DESCRIPTION OF THE TASK => Your answer must match, word for word, the lines from the one holding "Glentaggart open cast" through the final line below, with pictures excluded.

PROVIDED MATERIAL =>
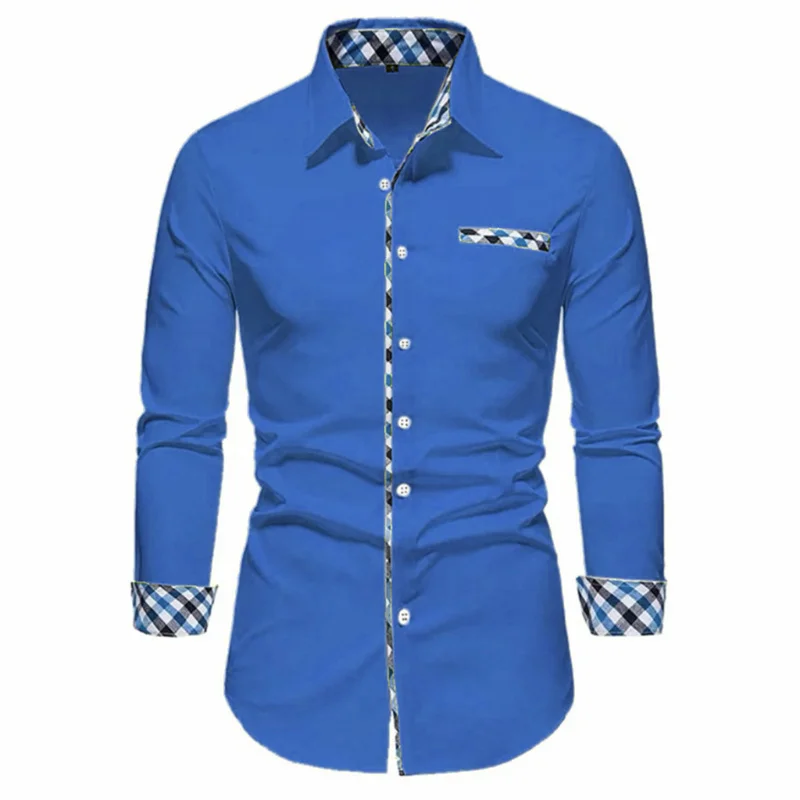 16-color men's shirt long-sleeved shirt single-breed fake pocket daily casual men's top outdoor shopping loose large size XS-6XL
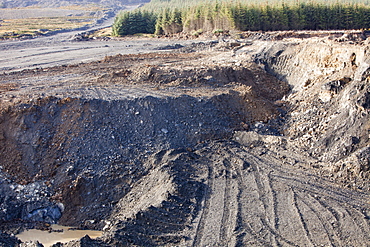 Glentaggart open cast coal mine near Douglas, Lanarkshire, Scotland, United Kingdom, Europe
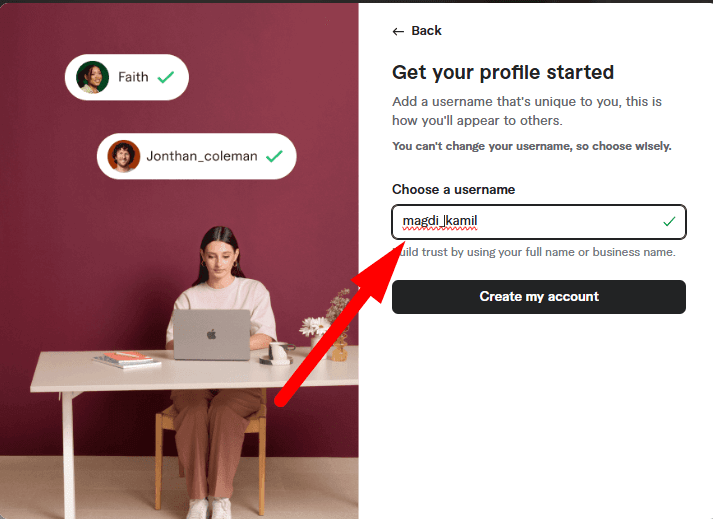 الخطوة الثالثة للتسجيل في فايفر: شاشة اختيار اسم المستخدم (Username)، مع توضيح أنه لا يمكن تغييره لاحقاً.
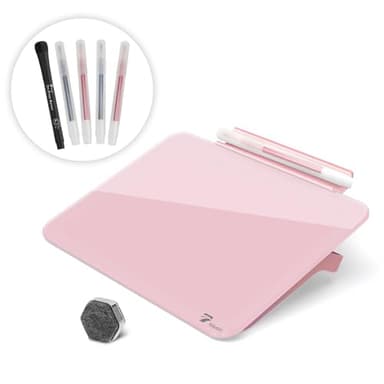 Pink Mini Desktop Pure Glass Whiteboard, Small Slope Slick Desk Whiteboard Glass, Desk White Board, Desktop White Board Dry Erase, Stenography Artifact for Office Home Schooling Décor, 8x6 Inches - Image 1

WRITTEN SOLUTION =>
 Glentaggart open cast coal mine near Douglas, Lanarkshire, Scotland, United Kingdom, Europe
 الخطوة الثالثة للتسجيل في فايفر: شاشة اختيار اسم المستخدم (Username)، مع توضيح أنه لا يمكن تغييره لاحقاً.
 Pink Mini Desktop Pure Glass Whiteboard, Small Slope Slick Desk Whiteboard Glass, Desk White Board, Desktop White Board Dry Erase, Stenography Artifact for Office Home Schooling Décor, 8x6 Inches - Image 1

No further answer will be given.